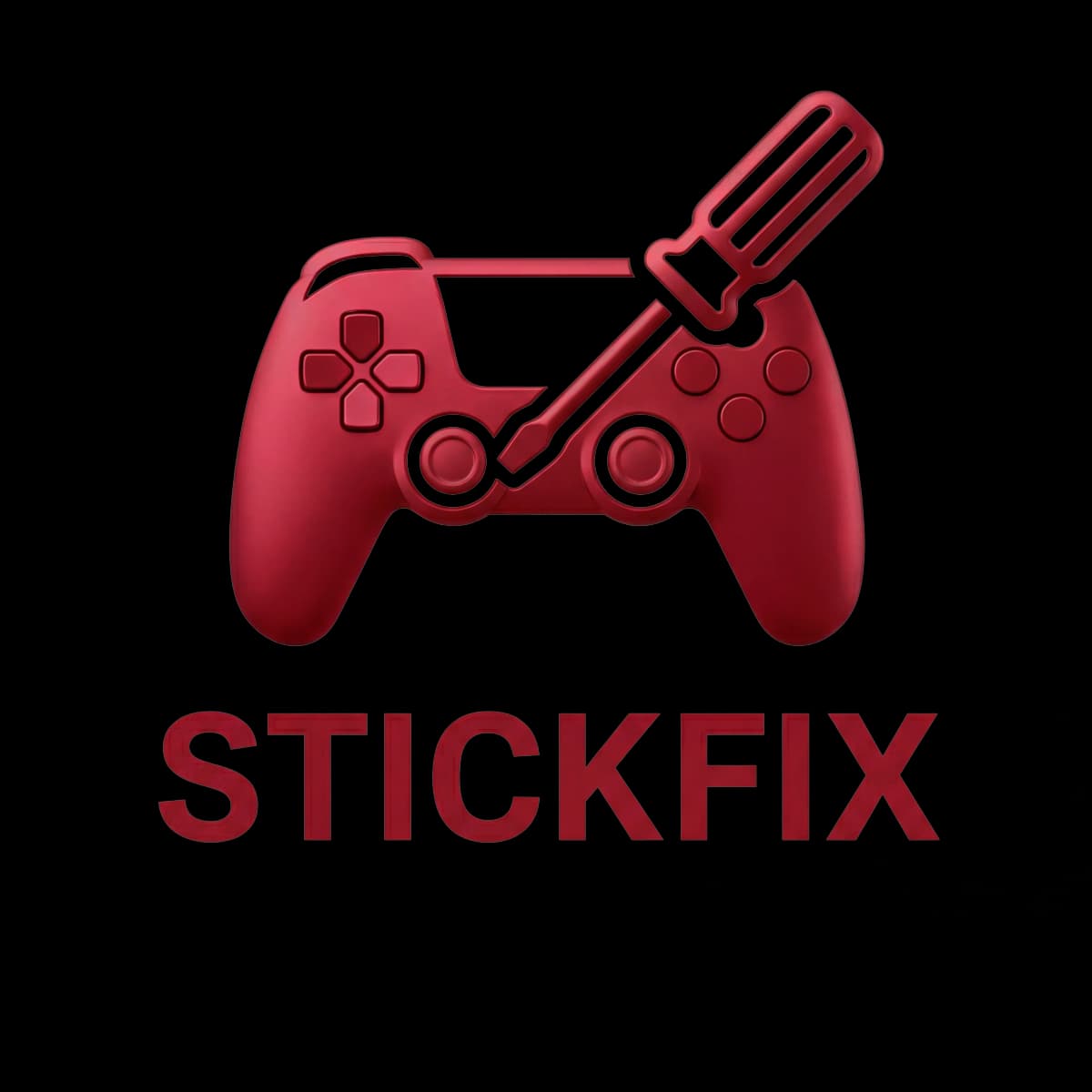 StickFix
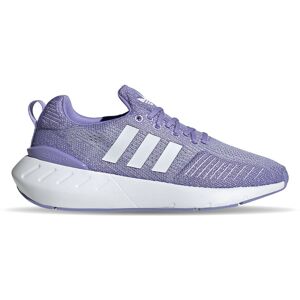 adidas Swift Run 22 W Blue Dámske - Tenisky adidas Originals - Modrá - GV7974-5.5 - Size: 5.5 5.5 female adidas Swift Run 22 W Blue Dámske - Tenisky adidas Originals - Modrá - GV7974-5.5 - Size: 5.5 5.5 female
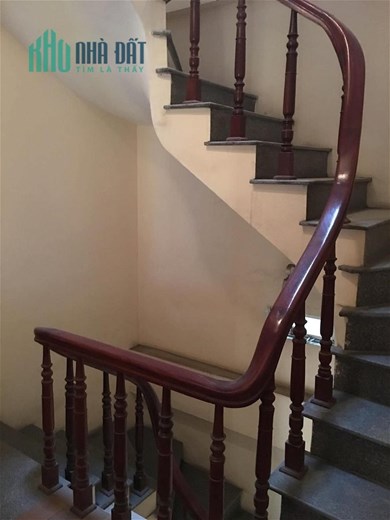 Bán Nhà Mặt Phố Văn Chương Quận Đống Đa. 48m Xây 6 Tầng Mặt Tiền 7m Nhỉnh 12 Tỷ. Cam Kết Ảnh Thật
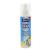 Johnsons Vet Super Plume Spray 150 ml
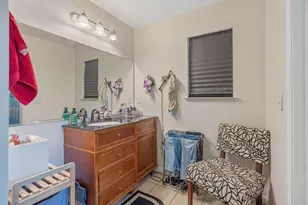 517 Tucker Ave, Sanger, CA 93657 - Photo 23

::::

> **WHAT YOU ARE ASKED TO DO**:
Write out every entry exactly. Pictures do not belong in the copy.

> **ANSWER BELOW**:
 StickFix
 adidas Swift Run 22 W Blue Dámske - Tenisky adidas Originals - Modrá - GV7974-5.5 - Size: 5.5 5.5 female adidas Swift Run 22 W Blue Dámske - Tenisky adidas Originals - Modrá - GV7974-5.5 - Size: 5.5 5.5 female
 Bán Nhà Mặt Phố Văn Chương Quận Đống Đa. 48m Xây 6 Tầng Mặt Tiền 7m Nhỉnh 12 Tỷ. Cam Kết Ảnh Thật
 Johnsons Vet Super Plume Spray 150 ml
 517 Tucker Ave, Sanger, CA 93657 - Photo 23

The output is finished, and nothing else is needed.